Getting back on track with the "Maintainability" series of posts. I'm doing this way too late at night, so the coherence might be lacking.
Don't Repeat Yourself
Don't Repeat Yourself (DRY) is a statement exhorting developers to avoid duplication in code. Duplication isn't always the easiest thing to spot or even prevent. From the Pragmatic Programmers:
DRY says that every piece of system knowledge should have one authoritative, unambiguous representation. Every piece of knowledge in the development of something should have a single representation. A system's knowledge is far broader than just its code. It refers to database schemas, test plans, the build system, even documentation.

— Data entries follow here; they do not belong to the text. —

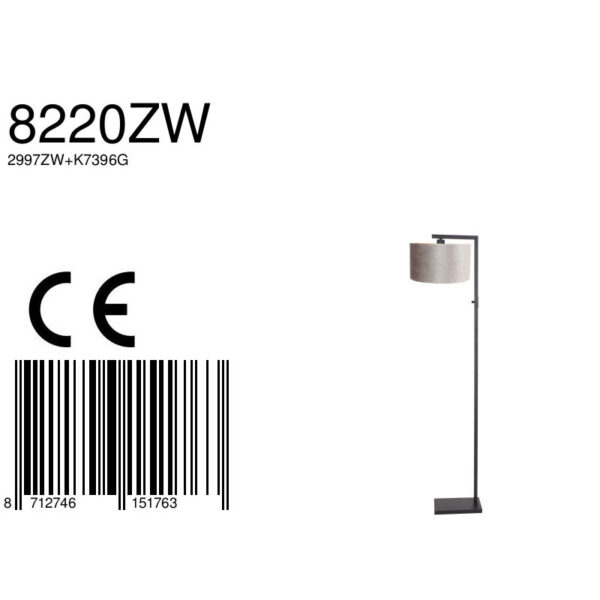 Steinhauer Stang vloerlamp - E27 - 160 cm hoog - Ø30 cm kap - zwart met grijze kap - Image 6
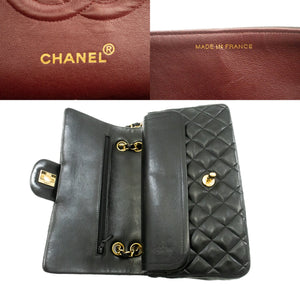 CHANEL Classic Double Flap 10" Chain Shoulder Bag Black Lambskin k39 hannari-shop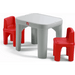 Creative Playtime Table and Chair Set for Kids in Gray and Red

Duplication is an obvious problem for maintenance, but there's a secondary meaning to the DRY Principle. When I'm adding an all new feature to a system with new classes, database mappings and tables, new screens, web services, etc. I want to make the change with the fewest steps possible with a minimum of repetition. I want to tell the system what I want to happen, and I want to say it only once. More on that second meaning later.

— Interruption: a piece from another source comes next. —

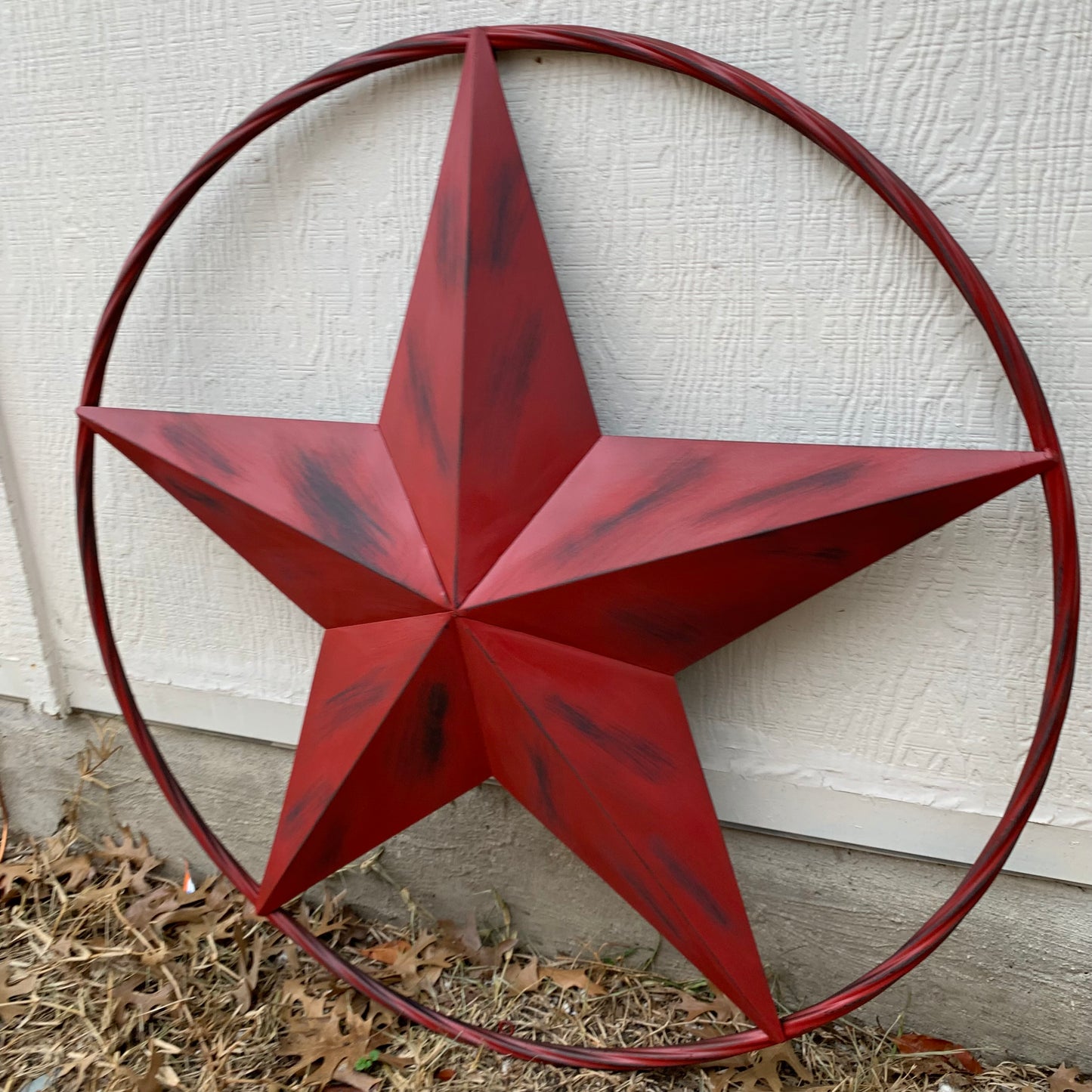 RED DISTRESSED STAR TWO TONE TEXTURE BARN STAR METAL LONESTAR TWISTED ROPE RING WESTERN HOME DECOR HANDMADE NEW #EH12958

Duplication Retards Change
For the upcoming (soon, knock on wood) StructureMap 2.0 release, I got in and added support for generic templated types. It was nasty. It wasn't really nasty because of Generics, it was nasty because I blundered with this innocuous looking code:
return _pluginType.FullName;
In some spots it was useful or necessary to identify a .Net Type with a string value and early on I fell into using the full class name as a convention. I then promptly duplicated that simple Type.FullName logic over 70 times in the codebase. Flash forward 3 1/2 years to the new Generics support, and I needed a way to go from a string to a type. The obvious answer was to finally change to using assembly qualified names. It took me about 6-8 hours total to make that one little change because of the stupid amount of duplication I had introduced with the FullName logic.
Some other cases:
- Multiple applications, or even subsystems of the same system, reading and writing to a shared database. You almost inevitably end up with duplicated work to read, write, validate, and interpret the exact same data. Think about a column in a database that represents the status of some sort of work item. The logical entity represented by this row has different constraints and business rules depending upon what the value in that status column. If you have more than a single piece of code that "knows" how to interpret that status value, you have duplication, and a particularly pernicious sort of duplication because it's hard to spot by looking at any one codebase. Just as a warning, coding in a data-centric manner can open the door to a great deal of harmful duplication. Ask yourself, if the database structure or status field changes, how many other pieces of code have to be changes?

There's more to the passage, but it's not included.